EMR Notebooks is an AWS-managed service that provides access to Jupyter Notebooks running on an EMR cluster with kernels for PySpark, SparkR, and Python. This tool is ideal for exploratory analysis with Python and Spark and for developing applications for big data processing.

1. Minimal configuration

You can launch an EMR Notebook through the AWS Console with minimial configuration. Simply give the notebook a name, specifiy the EMR cluster (new or existing), specify the security group and role, then choose an s3 bucket to host the notebook. AWS manages the rest.

2. Supports Spark, Python, and R*

By default, EMR Notebooks provide kernels for PySpark, Python, and SparkR. There is no default kernel for base R, though it is simple to install RStudio Server on the master node.

3. Persist data and code in S3

When an EMR cluster shuts down, everything goes with it. With EMR Notebooks, the notebooks are hosted in an S3 bucket for durability. If the cluster shuts down unexpectedly, notebooks and data in S3 are unaffected.

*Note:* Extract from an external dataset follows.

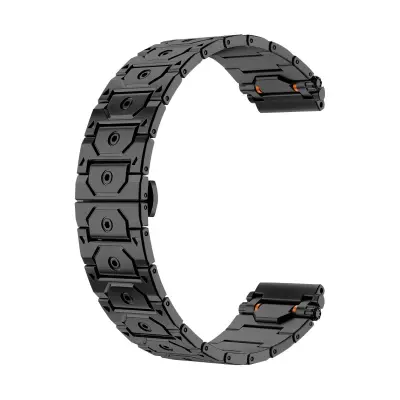 Združljiv s Samsung Galaxy Watch7/6 trdni nerjaveče jeklo Hex Titan Black 22 mm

4. Multiple users sharing the same cluster

Clusters are currently able to support up to 24 active notebooks on the master node. Users can stop their notebooks to avoid counting towards the current limit. This flexible arrangement enables multiple users to leverage the EMR cluster.

5. Isolated notebooks

When a notebook is launched, it is completely isolated from other notebooks on the same cluster. Spark sessions in one notebook do not interfere with sessions in another. Developers have the flexibility to customize their notebook as needed.

6. Big data processing

EMR clusters are designed to enable big data processing using multiple machines in a cluster.

7. No additional charage

There is no additional charage for EMR Notebooks. Only pay for the EMR cluster.